In het Bouwbesluit worden in afdeling 2.8 en 2.9 eisen gesteld aan de materialen die toegepast mogen worden. Deze materiaaleisen hebben drie doelen 

  • Beperken van het ontstaan van een brandgevaarlijk situatie
  • Beperken van de ontwikkeling van een brand
  • Veilige ontvluchting
     

Beperken van het ontstaan van een brandgevaarlijk situatie

Om de kans op het ontstaan van een brand te verkleinen, worden er in het Bouwbesluit eisen gesteld aan materialen bij stookplaatsen en de rookgasafvoer. Materialen bij een stookplaats mogen niet eenvoudig kunnen ontbranden.

  • NEN 6061- Bepaling van de weerstand tegen het ontstaan van brand in stookplaatsen
    Met behulp van de methode beschreven in NEN 6061, wordt bepaald dat de directe omgeving van een stookplaats voldoende weerstand biedt aan het ontstaan van brand. Voor alle brandbare materialen in de buurt van een stookplaats geldt een maximum temperatuur (90 °C) en een maximum voor de te ontvangen straling (2 kW/m² ). Zowel de temperatuur als de straling wordt door berekening bepaald.
  • NEN 6062- Bepaling van de brandveiligheid van rookgas afvoervoorzieningen 
    Aan de technische staat van rookkanalen zijn strikte voorwaarden en eisen gesteld. Centraal daarin staat dat een schacht, koker of kanaal, bestemd voor de afvoer vanrook, brandveilig moet zijn overeenkomstig NEN 6062. Deze norm geeft bijvoorbeeld aan dat de buitenwand van een rookkanaal maximaal 75 °C in temperatuur mag stijgen. In de praktijk komt dit neer op maximaal 95 ºC (20 ºC omgevingstemperatuur + 75 ºC temperatuur stijging).
     

Beperken van het ontwikkelen van brand en rook

Om te voorkomen dat een brand zich kan ontwikkelen, stelt het Bouwbesluit eisen aan de bouwkundige materialen. Er worden eisen gesteld aan de mate van onbrandbaarheid en brandvoortplanting van materialen. 
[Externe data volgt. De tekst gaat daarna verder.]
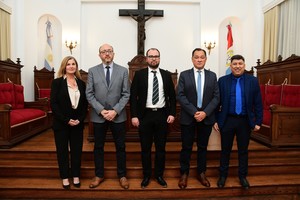 De izq a der: los fiscales Gioria, Loyola, Maglier, Koguc y Ríos. Foto: Guillermo Di Salvatore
  • NEN 6063 – Bepaling van de brandgevaarlijkheid van daken
    In NEN 6063 wordt een methode beschreven waarmee kan worden bepaald of een dak al dan niet brandgevaarlijk is. De testmethode die wordt voorgeschreven start met het ontsteken van houtwol op een zogenoemd proefdak. Vervolgens wordt door middel van waarneming, op basis van in de norm beschreven criteria, vastgesteld of het dak al dan niet brandgevaarlijk is. Wanneer een dak brandgevaarlijk is, bestaat de kans dat er brandoverslag kan plaatsvinden door middel van vliegvuur.
  • NEN-EN-ISO 1182 – Bepaling van de onbrandbaarheid van bouwmaterialen
    In NEN-EN-ISO 1182 wordt een testmethode beschreven waarmee bepaald wordt of een bouwmateriaal onbrandbaar is of niet. In een oven wordt, bij een temperatuur van 750 °C, middels observatie de onbrandbaarheid bepaald. Dit gebeurt aan de hand van vastgestelde criteria. Zo mag het verschil tussen de begin- en eindtemperatuur niet meer dan 30 °C bedragen en er mag niet meer dan 50 procent gewichtsverlies optreden om aan A1 te kunnen voldoen. Om te voldoen aan A2 mag het temperatuurverschil niet groter zijn dan 50 °C en mogen er maximaal 20 seconden vlammen zijn.

Disclaimer:
Dit artikel is geschreven ten tijden van het Bouwbesluit 2012. Dit artikel moet nog aangepast worden aan het nieuwe Besluit Bouwwerken Leefomgeving 

Heb je nog VRAGEN?

ADRES

OPENINGSTIJDEN

Zoeken
Sluit dit zoekvak.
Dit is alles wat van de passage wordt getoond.